Deputy General Secretary of the CWU, Andy Kerr, said at the time of the ruling: “Currently the UK government guidelines are that time spent travelling at work does count towards the target – but travel to and for work does not. The ruling changes this as thousands of employers could be in breach of the working time regulation rules.
“As a consequence the legislation could affect thousands of our BT engineers and many other workers in telecoms and financial services that have no fixed place of work.”
The CWU said it was intending to obtain legal advice on the issues, before entering into consultation with employers in cases where it believes members could be affected.
Kathleen Walker Shaw, European Officer for GMB, said: “GMB has many members who work for British Gas, the AA and home care workers who start and finish their work at home, who will feel reassured that the court has so clearly recognised that travelling from home to your first client, patient or customer, and home from that last one at the end of your shift is rightly counted as working time.”
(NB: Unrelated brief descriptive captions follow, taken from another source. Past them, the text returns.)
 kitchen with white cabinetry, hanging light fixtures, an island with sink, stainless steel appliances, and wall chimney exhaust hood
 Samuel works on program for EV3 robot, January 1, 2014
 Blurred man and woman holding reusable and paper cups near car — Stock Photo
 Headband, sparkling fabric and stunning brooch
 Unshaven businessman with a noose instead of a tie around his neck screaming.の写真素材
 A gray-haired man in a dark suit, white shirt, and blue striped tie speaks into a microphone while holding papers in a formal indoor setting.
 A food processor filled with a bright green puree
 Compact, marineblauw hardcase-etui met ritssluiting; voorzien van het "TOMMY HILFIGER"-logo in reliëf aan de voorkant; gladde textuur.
The GMB said that the ruling recognised that workers should not be penalised for the choices of their employers.
“The court also recognises that many workers are having to face constant changes in their work practices and environment, and the reality that an increasing number of workers begin and finish their work transits at their home is due to a decision by a company to close their offices or restructure work practices,” Ms Walker Shaw said.
“It is not a choice or desire of the worker themselves, and workers should not be penalised because of this, or carry the burden of the employers’ choice.”
General Secretary of the TUC, Frances O’Grady said: “Many bosses are already fair-minded about travel time for journeys to customers. But this sensible ruling will prevent any unscrupulous employers opening up a loophole to force some staff to work upwards of 60 hours a week.”
The ruling ensures that this travelling time will count towards the 48-hour week, under the Working Time Directive and that this time is factored in respect of, amongst other things, rest breaks and rest periods.
The change will not affect people’s daily commute to their normal place of work.